Secondly, bishops are often dependent on big contributors in their own diocese who are "soft" Catholics.

"They have made it clear that if the bishops push that [anti-abortion] button too hard, their money will go to the March of Dimes."

But, said Dr. Hudson, "I think the best news over the past year has been the small prairie fire among the bishops in their treatment of pro-abortion politicians."

He cited Bishop Robert Carlson of Sioux Falls, who told Sen. Tom Daschle he could no longer call himself a Catholic because he is pro-abortion; Bishop William Weigand of Sacramento, who said that then-Gov. Gray Davis could not receive Communion; Archbishop Charles Chaput of Denver, who said voters should judge Catholic politicians based on their stance on abortion; Archbishop Alfred Hughes of New Orleans, who said pro-abortion politicians should not receive Communion of their own volition; and "the incredible courage" of Bishop Raymond Burke of La Crosse (now of St. Louis), who said pro-abortion politicians in his diocese may no longer receive Communion.

Adding to the morally squishy climate in which the bishops operate, said Hudson, is the fact that, for far too long, Catholic education has taken the easy route on what to teach.

Catholic teaching has boiled down to saying that everybody should love everybody:  "They've avoided the hard teachings about homosexuality, contraception, abortion, marriage and divorce.  They've reduced Catholicism to maintream Protestantism."

The level of debasement of our culture is epitomized in the recent adulation, even by Catholics, of the bestseller, The Da Vinci Code, which describes Jesus as fathering children with Mary Magdelene.

"Watch and see which bishops are willing to take up the fight," he advised, optimistically predicting, "They will be the future leaders of the Church; in the next 10 years, you're going to see a major change in the [make-up of the] Bishops' Conference."

Turning to President Bush, the former philosophy professor cautioned, "I want to reveal my bias from the start."

Hudson advised then-Gov. Bush and presidential adviser Karl Rove in their outreach to Catholic voters in the 2000 presidential campaign and is doing the same in the 2004 campaign.

But although the President may sometimes fall short of pro-lifers' expectations, Hudson said that "you gotta like the fact that Bush has appointed Protestant fundamentalists by the truckful, who are implementing pro-life policies in every department in the administration."

It is now a policy in the Department of Health and Human Services to treat an unborn child as a person, he reminded his audience.  And Bush has tried to appoint conservative judicial nominees, although they have been rejected by the Senate.

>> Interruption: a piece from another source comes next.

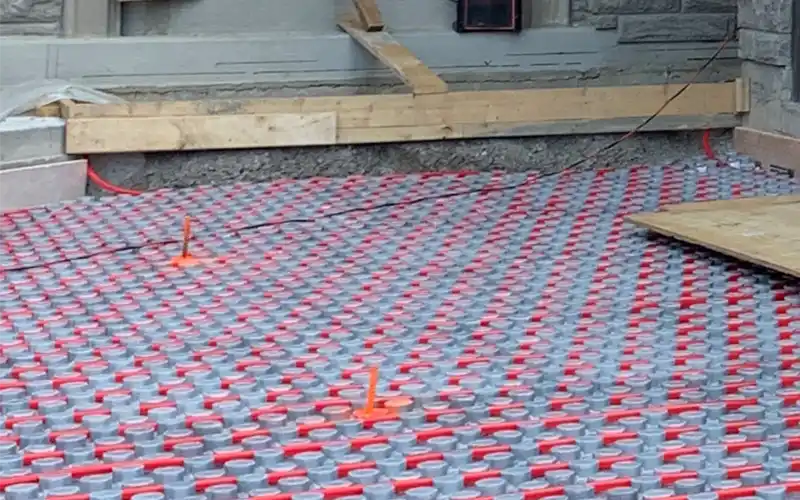 Snowmelt Systems Heated Driveways 5 - Di Paolo Pools & Landscaping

Dr. Hudson gently chided pro-lifers for in-fighting over their differences.

"Why is it that conservatives always have to be testing each other's purity?  Eight years of Clinton made us realize we have a bigger enemy than each other."

He also encouraged pro-lifers to avoid being constantly negative.

In the nine years that he has published Crisis, he said, "I have tried to take it out of the nyah, nyah, nyah category:  if you're only a critic all the time, you lose credibility.  When a bishop does good things, pat him on the back!"

Dr. Hudson closed his talk by recounting his own personal reason for optimism:  his 6-year-old adopted son, Cyprian.

He had been hesitant to adopt, he said, but at the urgings or his wife and daughter, agreed to adopt a Romanian boy who had been kept in a crib for three years at at Bucharest orphanage, and had some developmental problems.

Now, he said, he can't imagine life without "Chippie."

Among the good news, he concluded, is that "We have people like me who are growing up, and realizing that the gift of ourselves is the greatest gift we can give.  That's the gift God will judge us by and nothing else."

The Communion breakfast, held at the Knights of Columbus Rosensteel Council hall, was a Montgomery County Right to Life fundraiser for the Gabriel Project.